FIG. 13 illustrates a block diagram of operations performed on the electronic device 10 by the compensation system 27 of FIG. 1 indicating one embodiment in which the compensation system 27 may provide compensated image data (e.g., gray level output 116) to the display pixels 54. Some of the operations performed on the electronic device 10 by the compensation system 27 of FIG. 1 are similar to the operations performed on the electronic device 10 by the compensation system 27 of FIG. 1 as indicated by FIG. 8.

In the illustrated depiction of FIG. 13, the compensation system 27 includes a compensation map generator 220. During display operations of the electronic device 10, the compensation map generator 220 accesses, from the memory 20, the global compensation map 78 and the compressed per sub-pixel uniformity compensation map 84. The global compensation map(s) 78 corresponds to compensation data configured to be applied to 12×12 binning (block 221).

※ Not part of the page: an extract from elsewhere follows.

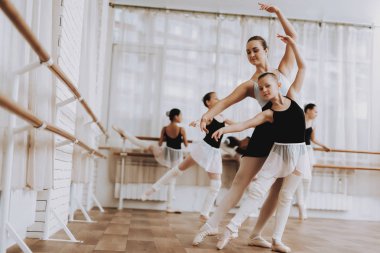 Bale eğitimi Öğretmen kızlarla grup. Klasik bale. Kız balerin Tutu. Kapalı eğitim. Şirin dansçılar. Performans salonunda. Pratik dans. Kızlar beyaz elbiseler.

Spatial interpolation is applied (block 222) to determine the global compensation voltage offset value that should be applied to first gray level data 102.

Once the compensation map generator 220 accesses the compressed per sub-pixel uniformity compensation map 84, data from the compressed local per sub-pixel uniformity compensation map 84 is retrieved and decompressed, via a decompressor 224 (e.g., decoder), to obtain (block 226) per sub-pixel compensation map for, as an example, an 8-bit panel. Spatial interpolation is then applied (block 228) to the per sub-pixel compensation map. The spatial interpolation component may smoothen and sharpen the display of the electronic device 10. The spatial interpolation may be applied to data from the per sub-pixel compensation map on a row by row basis or another suitable basis.

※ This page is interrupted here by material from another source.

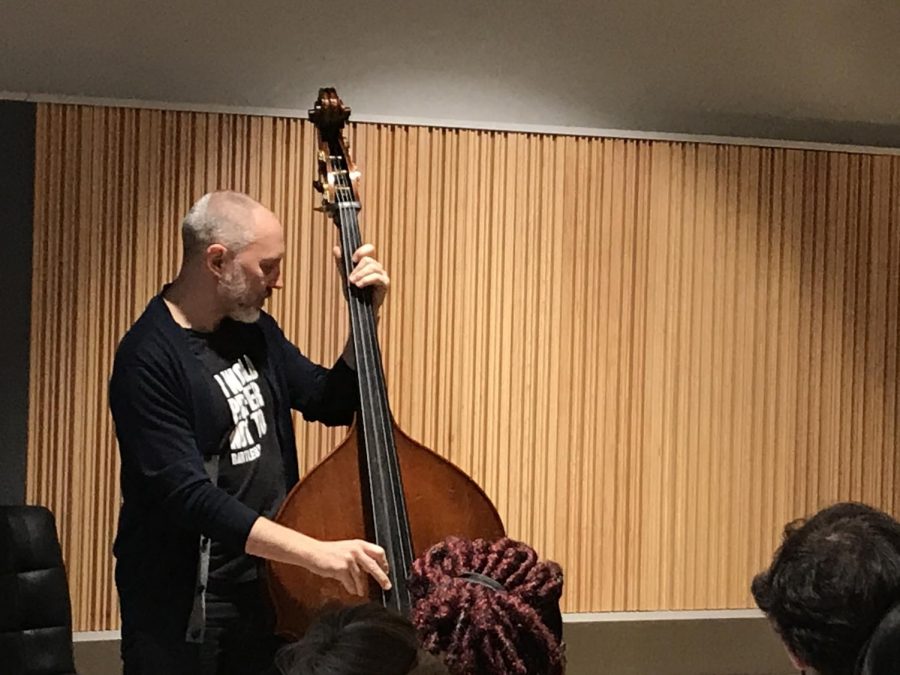 Jazz bassist Reid Anderson, playing along to, 'Big Eater', as students watch.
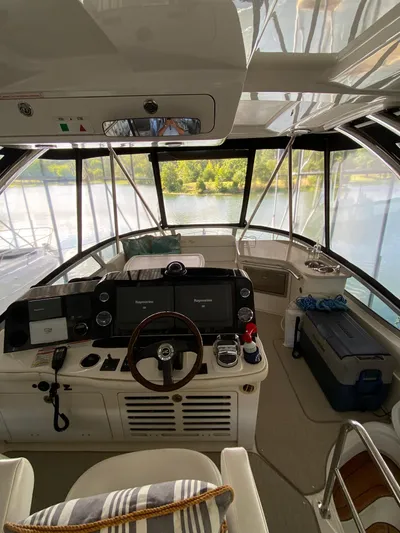 Dream Chaser Yacht Photos Pics 2008 Sea Ray 47 Sedan Bridge helm with modern controls and panoramic views.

Finally, the local voltage compensation offset values are determined. The global compensation voltage offset values and the local voltage compensation offset values are then applied (block 230) on a per group pixel basis. For example, in some embodiments, the global compensation voltage offset values and the local voltage compensation offset values can be applied to a 1×1, 2×2, 4×4 binning, or higher binning.

FIG. 14 illustrates a method 250 for generating the compressed per sub-pixel uniformity compensation map 84 (e.g., a compressed 1×1 sub-pixel uniformity compensation map), in accordance with an embodiment of the present disclosure. The method 250 includes compressing (block 252) a 1×1 sub-pixel uniformity compensation map (e.g., the local compensation map 76) to generate a compressed 1×1 sub-pixel uniformity compensation map. The method 250 includes uploading (block 254) the compressed per sub-pixel uniformity compensation map into a storage of a server and loading (block 256) the compressed local per sub-pixel uniformity compensation map onto an electronic device.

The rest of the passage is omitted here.